Increased errors and latency in FRA region

Incident Report for PubNub

Postmortem

Beginning on Friday, June 27, 2025 at 08:15 UTC, there were occasional, intermittent increases in latency and errors in three of our services: Pub/Sub, History, and Presence. The root cause discussed in this analysis was identified and corrected on Monday, June 30.

Problem Description, Impact, and Resolution 

Recently, to ensure PubNub had access to more cloud server capacity across our many regions, we introduced new instance types to our system to provide a more heterogeneous set of instance types on which PubNub’s services run. Over time, PubNub has created many OS/kernel-level configurations to optimize the performance of each server. However, with the more heterogeneous instance types, an underlying setting that we were explicitly specifying, which controls limits on network connectivity, was being silently overridden by our upstream load balancers. When we introduced the new instance types, they would reach connectivity limits. Unfortunately, the errors we initially encountered pointed us in incorrect directions, causing the investigation to take longer than we normally strive for.

The issue was mitigated once we identified this issue and configured the affected services to run on other instance types and launched more capacity.

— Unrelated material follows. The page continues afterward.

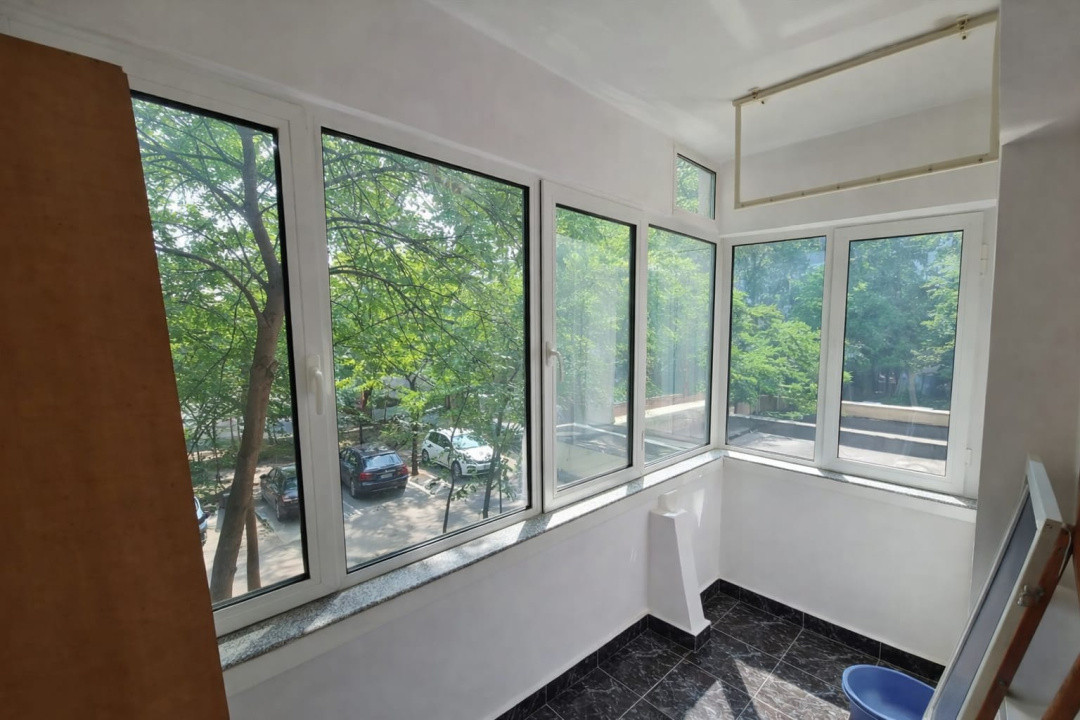 Apartament cu 3 camere in Podu Ros, Rond, et.1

Mitigation Steps and Recommended Future Preventative Measures 

To prevent recurrence, we modified the new instance types to emit metrics related to these OS thresholds and limits, enabling us to detect when these limits are approached or exceeded, regardless of instance type. This change allows us to scale proactively and properly route traffic based on instance type, ensuring we are more dynamic in heterogenous instance type deployment configuration. 

Again, we apologize for the incidents outlined above and are committed to maintaining transparency when issues affect our customers. Should you have any questions regarding this analysis, please reach out to our support team at support@pubnub.com.

Posted Jul 03, 2025 - 18:49 UTC

Resolved

With no further issues observed, the incident has been resolved. We will follow up soon with a root cause analysis.
If you believe you experienced an impact related to this incident, please report it to PubNub Support at support@pubnub.com.
Posted Jun 27, 2025 - 10:38 UTC

Monitoring

A fix has been implemented and we are monitoring the results.
Posted Jun 27, 2025 - 10:06 UTC

Identified

The issue has been identified and a fix is being implemented.
Posted Jun 27, 2025 - 10:00 UTC

Update

The PubNub Technical Staff continues to investigate. More updates will follow once available.
Posted Jun 27, 2025 - 09:50 UTC

Investigating

At approximately 08:15 UTC, PubNub services began experiencing elevated latencies and server errors in the Europe region. PubNub Technical Staff is currently investigating, and more updates will follow once available.
Posted Jun 27, 2025 - 09:21 UTC
This incident affected: Points of Presence (European Points of Presence).